When I couldn't sleep as a child, my mom would say to me, "Think of something happy and cheerful. Think of Christmas. Think of the Easter bunny." I never thought about those things, but instead thought about diving into a pool, gliding through the water, my grandmother's house, the smell of percolated coffee, the sweet musty smell of church incense.

My mom-- she never knew she was giving me good exercises to see me through this early mid-life depression.

Cats in the sunshine. Cricket's hands and toes. Long stem red tulips in a vase.

Tuesday, March 10, 2009

Home is Where

We're living in the little house I fell in love with this summer. There's a longish story behind it, but essentially we were able to make an offer on the house that involved us renting the house for six months before we could buy the house. The supposition was that I would get a job and be able to qualify for the mortgage with no problem. Partner ran the numbers and the mortgage payment was going to be a little steep for a few months while I was the sole earner, but we felt we could do it.

Then life happened. It took me longer to land the job. I had offers, but in places I didn't want to work. I finally got the "dream" job offer, but the Big Urban Hospital wasn't able to offer me a place until April, starting me after we were supposed to close on the house. Our mortgage broker pre-qualified me and noted that she thought she'd be able to get me the mortgage with just the letter of offer. We're waiting to see about that.

In order to make it happen, I need to continue to borrow money from my parents, something I am more or less loathe to do, but it's necessary to make life spin for the past few months (like being able to afford diapers and milk, and yes, it has been that bad). Borrowing is something I will keep needing to do in order to be able to afford to make this house work. My mother finally agreed to help me with the house, but noted in a voicemail that although they would continue to loan me the money I needed for the next few months, neither she nor my father thought I was making the right decision.

I'm lost a little. Is it a good idea to buy a house that we can easily afford when we seems to be splintering more every day? Is it a good idea to continue to borrow money from my mom and dad?

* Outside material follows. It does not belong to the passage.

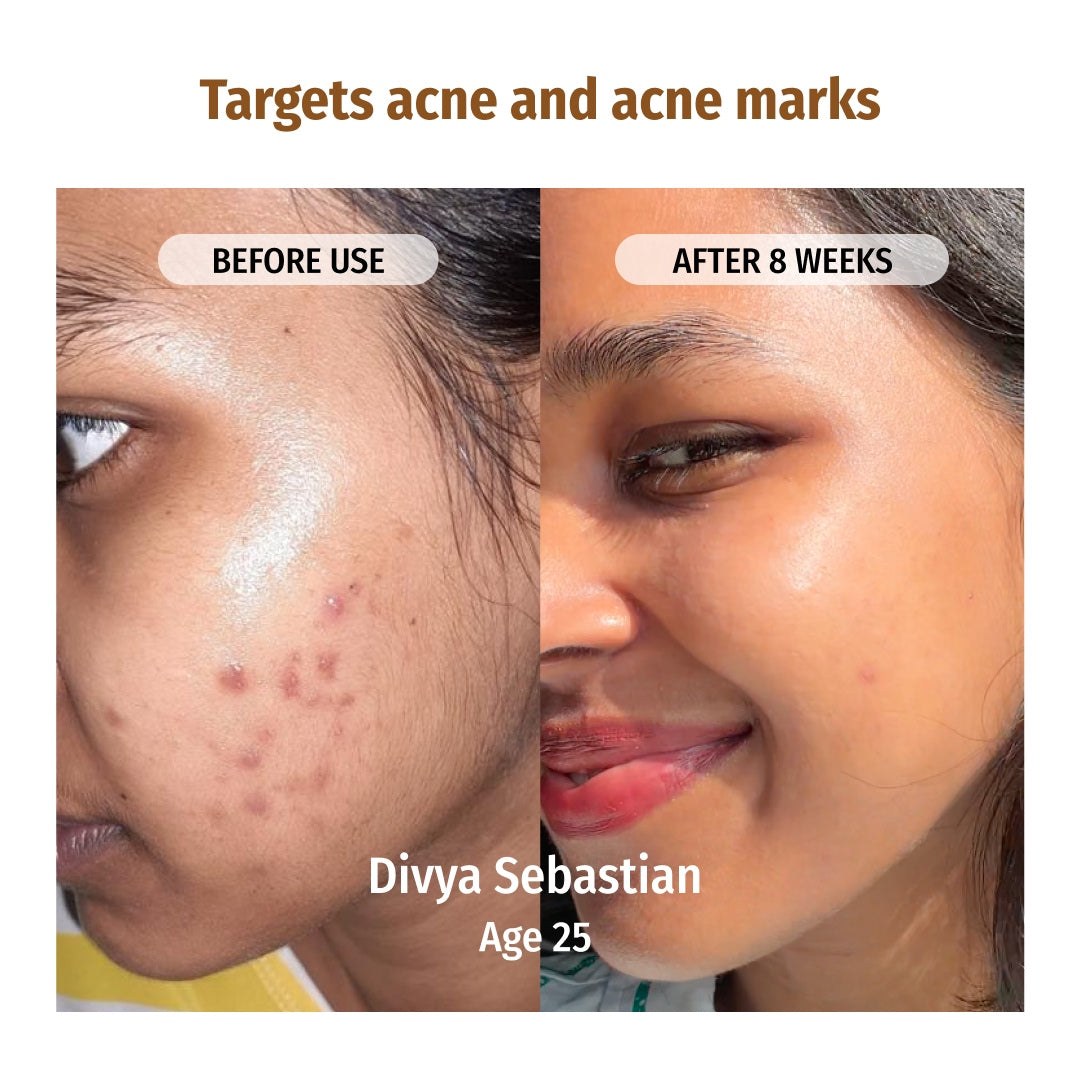 vilvah face brightening combo targets acne and acne marks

I'm annoyed and angry about this. I already blogged about it a little, but I just feel that as a working nurse in a major metropolitan hospital, I should be able to afford a home in a safe city on a nice street. My house I want is 925 square feet. It's small. It's not extravagant. It has a nice little backyard and a detached garage. There are window boxes on the front the windows. There are cherry cabinets, only a few, in my tiny kitchen with lino floors. There are two small bedrooms, the "master" only big enough to fit a bed and two nightstands. There's a beautiful back porch I want to sit on this summer with friends, a tree branch full of leaves brushing over our heads.

Sometimes I think maybe we shouldn't go forward with the purchase, but the fact is that I love this wee house and I love my neighborhood and I love my street. I love the way Cricket already knows the name of his street. I don't want to move again. I just want to win the fucking lotto and have a healthy down payment that will make the monthly mortgage payment reasonable and I just want to live in my little blue house at the end of a cul de sac.

I'm not sure what I'm looking for with this post-- I don't know that I want advice unless it's telling me to go for it. I am as scared of buying the house as not buying it. I'm again, in a whirlwind, like everything else in my life right now, lost about not know up or down. Looking for change in the cracks of the couch... Literally and figuratively.